Prospettive assistenziali, n. 62, aprile - giugno 1983
Specchio nero
L'ANFFAS DI MILANO NEMICA DEGLI
HANDICAPPATI
Torino, 4 agosto 1982. I giornali
escono con titoli cubitali: un handicappato, Z.
Cesarino (si sa gli handicappati sono degli eterni bambini) ha ucciso il giorno
prima la zia che lo aveva affiliato.
È un ragazzo gravissimo e
pericolosissimo. Il giudice chiede al Cottolengo di
ricoverarlo, ma dopo pochi giorni viene dimesso: le
suore non ce la fanno a tenerlo.
Il ragazzo viene
poi accolto in una comunità alloggio della Provincia di Torino, ma la notizia
non viene pubblicata. È ovvio che i servizi pubblici
non devono mai funzionare.
Il 24 agosto, quando ci sarebbe
stato il tempo per riflettere sul problema e per verificare le informazioni dei
giornali, il Centro studi e pubbliche relazioni dell'ANFFAS di Milano pubblica
nella rubrica del Corriere della Sera, che da tempo
cura in esclusiva, una notizia del tutto infondata: « ... Ma c'è un altro tipo di istituzione sotto accusa: il manicomio
criminale, dove finisce l'individuo, infermo di mente, ritenuto socialmente
pericoloso perché ha commesso un reato. È la conferma di una scelta sbagliata:
si preferisce punire e isolare dopo, piuttosto che intervenire prima curando ed
assistendo il deviante, il malato di mente o
l'insufficiente mentale grave violento. È il caso di Cesarino, handicappato
mentale di 16 anni, accusato di aver soffocato la zia che l'ospitava in un
appartamento di Torino. Ora potrebbe venir rinchiuso in un manicomio criminale.

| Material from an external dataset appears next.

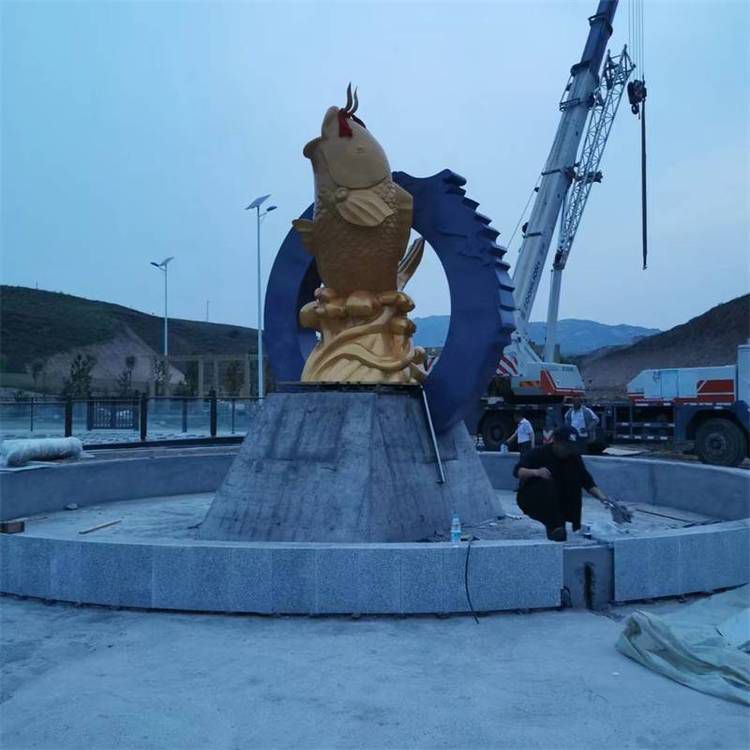 鲤鱼雕塑的创作灵感通常来源于哪些方面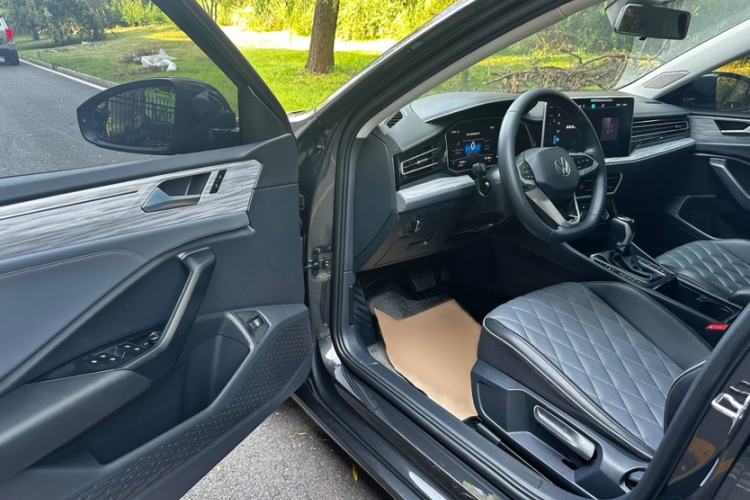 Used Volkswagen Sagitar 2023 300TSI DSG Excellence Edition Left Front Seat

L'ultima parola per la sua destinazione spetta comunque
al Ministero di grazia e giustizia. La tragedia ha sempre un suo lato
grottesco: Cesarino,
respinto dalla famiglia e dalla società (passò i primi quattro anni di vita al Cottolengo per non guastare i fratelli sani, come
sostengono i genitori), verrà "curato e punito" dopo, insieme a
malfattori di ogni risma. Così la beffa sarà doppia.
Basta leggere i resoconti dei giornali per rendersi conto dello stato di cose:
assenza completa di servizi (anche in una città come Torino), deresponsabilizzazione della famiglia e della
pubblica amministrazione».
Nella stessa
rubrica dell'ANFFAS, Alfredo Robledo, sostituto
procuratore della Repubblica di Monza, senza minimamente curarsi di accertare
come stiano le cose, lancia accuse assurde: Cesare (anzi Cesarino) è un malato
mentale, è un assassino (1).
L'Unione per la lotta contro
l'emarginazione sociale in data 6 settembre 1982 invia la presente lettera alla
redazione della rubrica «Handicap e società»: «L'ANFFAS di Milano non ha certo dato un aiuto a Cesare Zilioli di 16 anni, accusato di aver ucciso la zia che
l'aveva affiliato.
Infatti nell'artícolo "Troppe tragedie negli istituti",
Cesare viene definito insufficiente mentale grave violento. Quali sono gli
elementi in base ai quali l'ANFFAS lo definisce in questo modo? Perché Cesare è accusato di omicidio? Secondo l'ANFFAS la presunzione di innocenza non riguarda anche gli
handicappati? Analoghe riflessioni valgono anche per quanto ha scritto Alfredo Robledo. A Cesare tutte
le colpe: viene addirittura bollato come malato mentale; nessun dubbio viene sollevato in merito alla partecipazione del ragazzo
all'omicidio, ammesso che di omicidio si tratti. La zia ovviamente è indicata
come persona buona, che amava immensamente Cesare, che si è sacrificata per il
nipote. Da chi hanno avuto queste notizie l'ANFFAS e Robledo?
Numerose
sono invece le persone che hanno riferito che la signora Zilioli
non voleva assolutamente staccarsi dal nipote; gli ha, fra l'altro, sempre
impedito di frequentare un centro diurno socio-terapeutico.
Operatori
del Comune e della Provincia di Torino hanno inoltre dichiarato che la signora
aveva ad essi addirittura vietato di entrare in casa.
Quanto
al giudizio dell'ANFFAS "assenza completa di servizi anche in una città
come Torino", ciò non è assolutamente vero anche per le pressioni
esercitate dalle associazioni e dai gruppi aderenti al CSA (Coordinamento
sanità e assistenza fra i movimenti di base). Le carenze
sono ancora notevoli, ma non siamo all'età della pietra come in molte zone
d'Italia.
I
servizi pubblici, poi, in alcuni casi, funzionano meglio di quelli privati.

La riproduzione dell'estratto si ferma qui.